FSB draws up Christmas wish list on behalf of SMEs

The Federation of `Small Businesses has released what it calls a Tinsel List of policies – following a challenging three years of dealing with Covid-19, energy hikes and soaring interest rates and inflation

The FSB wants Government to start thinking about its Christmas policies following the latest Small Business Index results.

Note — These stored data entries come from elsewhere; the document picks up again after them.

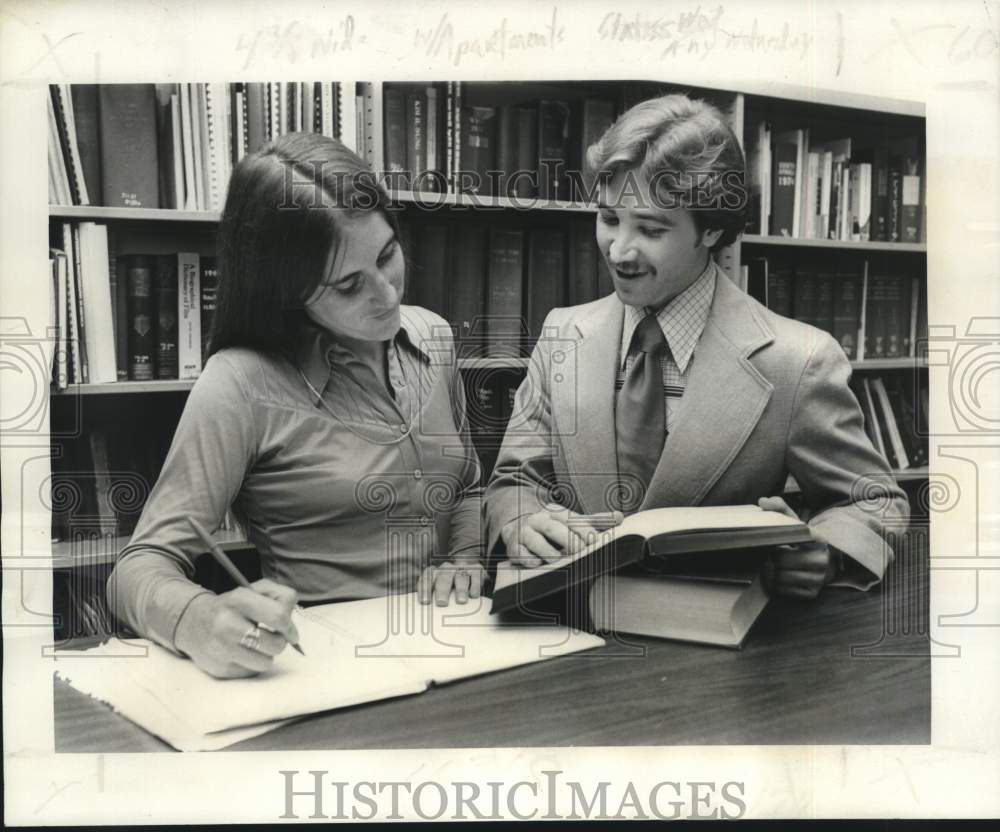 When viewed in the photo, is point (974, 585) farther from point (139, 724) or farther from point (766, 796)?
point (139, 724)

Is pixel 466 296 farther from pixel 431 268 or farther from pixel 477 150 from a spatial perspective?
pixel 477 150

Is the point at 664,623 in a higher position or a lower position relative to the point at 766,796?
higher

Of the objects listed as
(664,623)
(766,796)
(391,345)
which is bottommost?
(766,796)

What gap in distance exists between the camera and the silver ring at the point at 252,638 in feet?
4.06

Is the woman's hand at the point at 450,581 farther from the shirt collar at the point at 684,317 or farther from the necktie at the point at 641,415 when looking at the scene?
the shirt collar at the point at 684,317

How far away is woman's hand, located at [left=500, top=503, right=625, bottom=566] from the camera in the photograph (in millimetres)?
1329

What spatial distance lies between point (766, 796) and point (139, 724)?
2.87ft

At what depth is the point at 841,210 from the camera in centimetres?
144

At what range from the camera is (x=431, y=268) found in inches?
53.1

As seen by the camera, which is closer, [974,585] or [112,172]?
A: [112,172]

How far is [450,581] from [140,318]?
0.57 meters

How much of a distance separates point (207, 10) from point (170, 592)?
81cm

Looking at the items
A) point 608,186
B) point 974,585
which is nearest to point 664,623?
point 974,585

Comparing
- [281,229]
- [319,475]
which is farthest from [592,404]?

The research shows that small firms in retail and accommodation and food sectors had a far lower confidence reading than businesses from all sectors, at -38 points and -36 points respectively, against an all-sector finding of -14 points in the second quarter of 2023.

The UK’s largest business group has released a Tinsel List of policies – following a challenging three years of dealing with Covid-19, energy hikes and soaring interest rates and inflation.

Policies in the Tinsel List include:

  • High streets must be easily accessible, with available parking, and increasing park and ride. Local transport must be reliable, affordable and well connected – and the Government must ensure its Pothole Fund is fairly allocated.
  • Raising the VAT threshold from £85,000 to £100,000 could spark growth across the economy. Many firms halt trading near the end of the tax year to avoid hitting the current limit and incurring additional costs.
  • The Small Business Rates Relief threshold should be increased to £25,000 to remove 200,000 small firms out of the rates system.
  • Cheaper energy costs – energy firms should more widely adopt FSB’s proposal to allow small firms that negotiated their contract at the height of the energy crisis last year to be able to ‘blend and extend’ their contracts to take advantage of lower, wholesale prices. Lower energy bills will allow firms to keep their prices low for consumers.
  • Reinstate tax free shopping for international visitors, to add £4bn of GDP through increased retail and tourism, secondary spending and small producers – and signalling that the UK is open for business.

FSB National Chair Martin McTague said: “As we approach the end of summer, it’s essential to look ahead and prepare for the upcoming festive period. Although this may appear distant, preparation is key to capitalising on the opportunities that lie ahead.

“We expect a significant influx of tourists, driven by their intent to purchase Christmas gifts, experience festive markets and indulge in traditional holiday fare. Historically, the UK has been a favoured winter destination, and this year is no different.

“It’s crucial to consider the financial pressures small businesses are facing. Implementing measures to alleviate business costs can lead to more competitive pricing.

“This year has seen the economy navigate various challenges and now presents a timely opportunity to offer support, ensuring a positive conclusion to the year.”